Exercise inputs
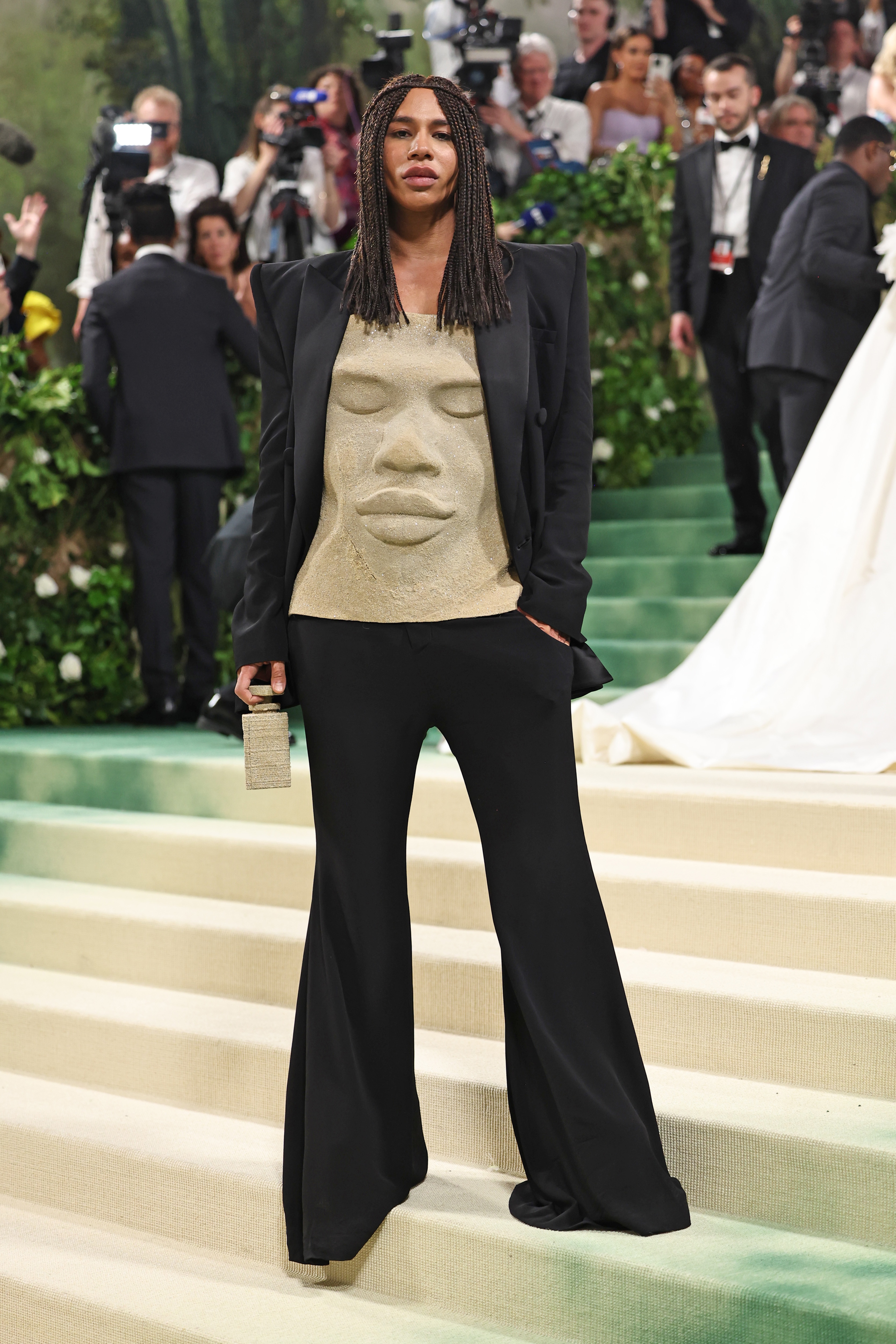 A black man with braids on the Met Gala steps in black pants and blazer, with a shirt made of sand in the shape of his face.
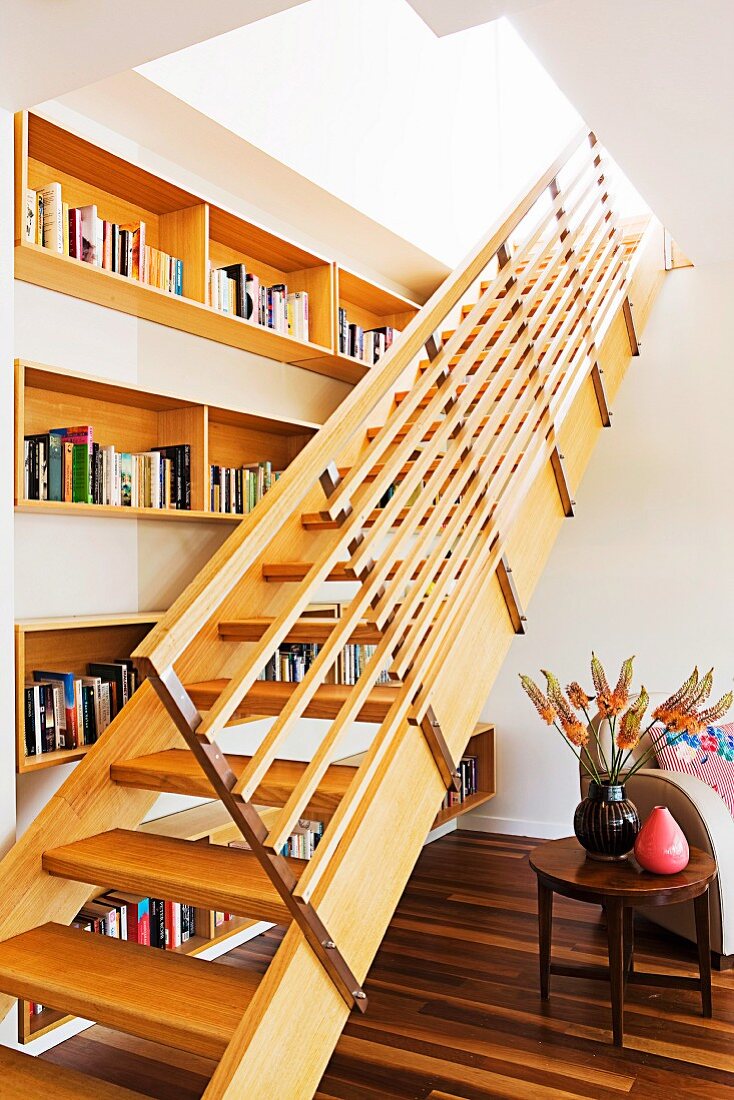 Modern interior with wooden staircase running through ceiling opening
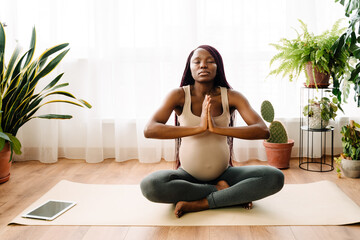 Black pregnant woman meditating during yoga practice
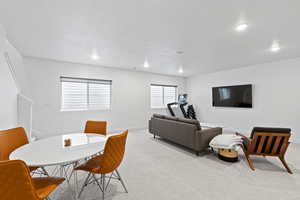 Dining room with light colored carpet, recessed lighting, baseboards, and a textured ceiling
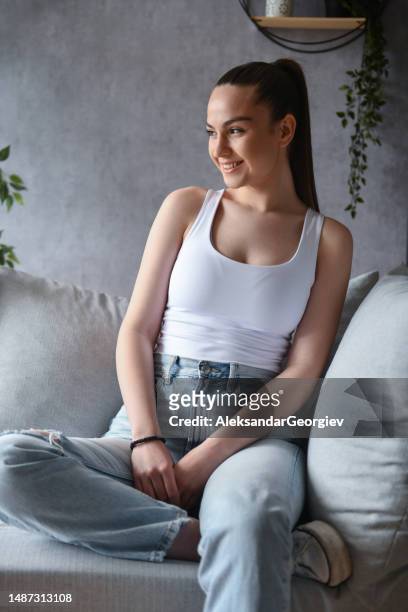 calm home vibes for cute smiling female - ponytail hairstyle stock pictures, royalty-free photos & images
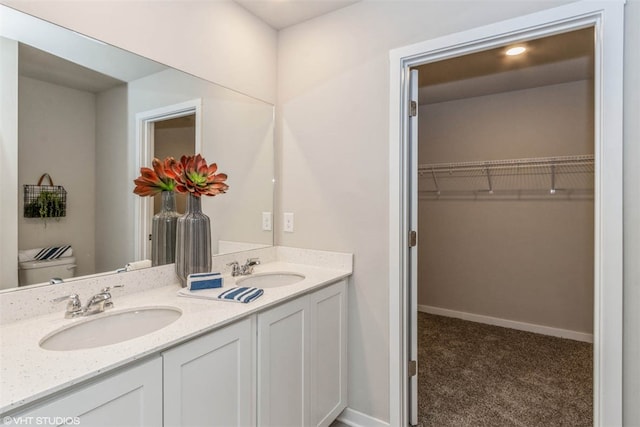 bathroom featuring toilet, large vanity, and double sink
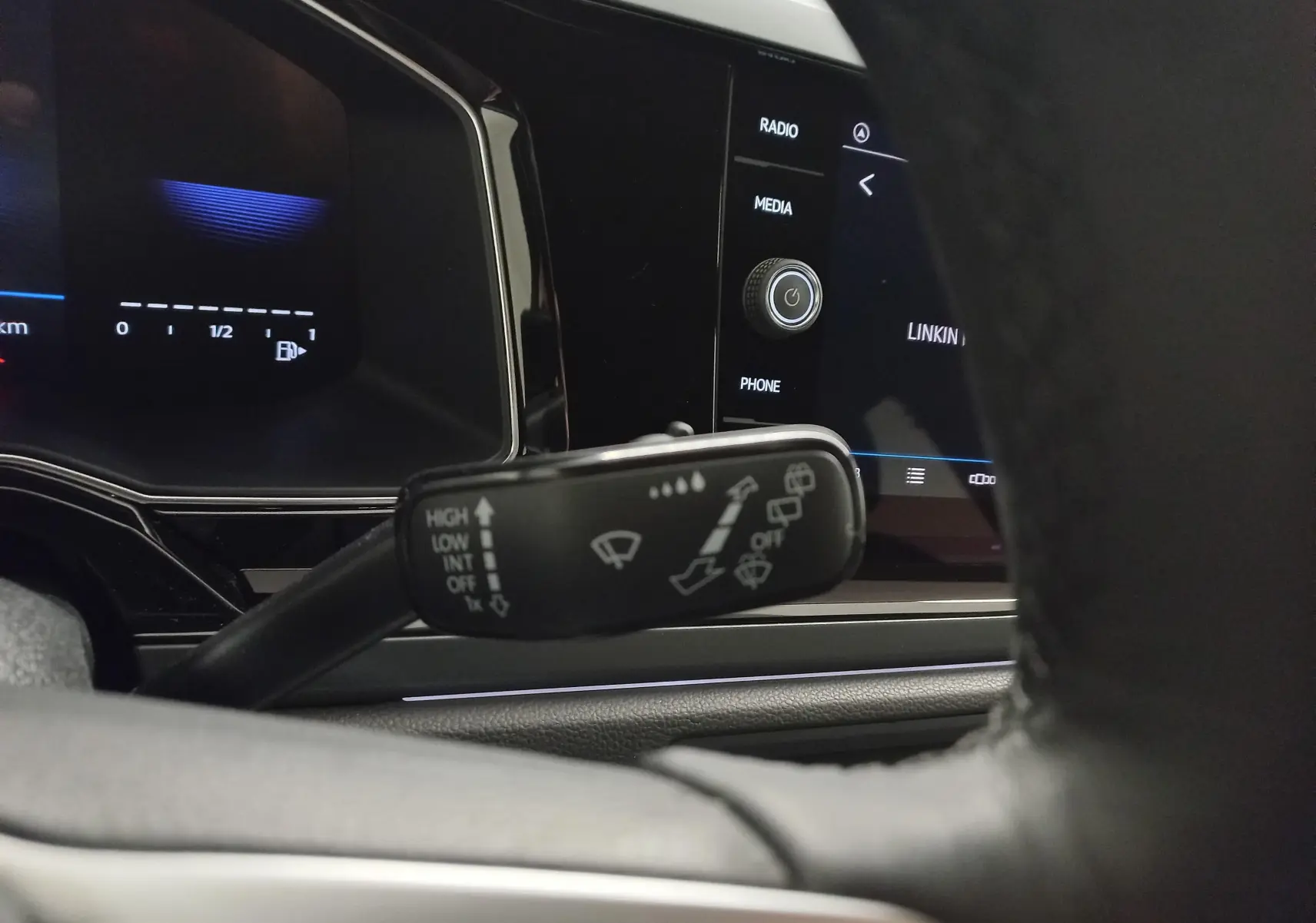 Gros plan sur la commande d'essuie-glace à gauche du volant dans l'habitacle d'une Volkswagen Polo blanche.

Assignment
Before writing out the material above, please remove its pictures; everything else stays exact.

Exercise result
 A black man with braids on the Met Gala steps in black pants and blazer, with a shirt made of sand in the shape of his face.
 Modern interior with wooden staircase running through ceiling opening
 Black pregnant woman meditating during yoga practice
 Dining room with light colored carpet, recessed lighting, baseboards, and a textured ceiling
 calm home vibes for cute smiling female - ponytail hairstyle stock pictures, royalty-free photos & images
 bathroom featuring toilet, large vanity, and double sink
 Gros plan sur la commande d'essuie-glace à gauche du volant dans l'habitacle d'une Volkswagen Polo blanche.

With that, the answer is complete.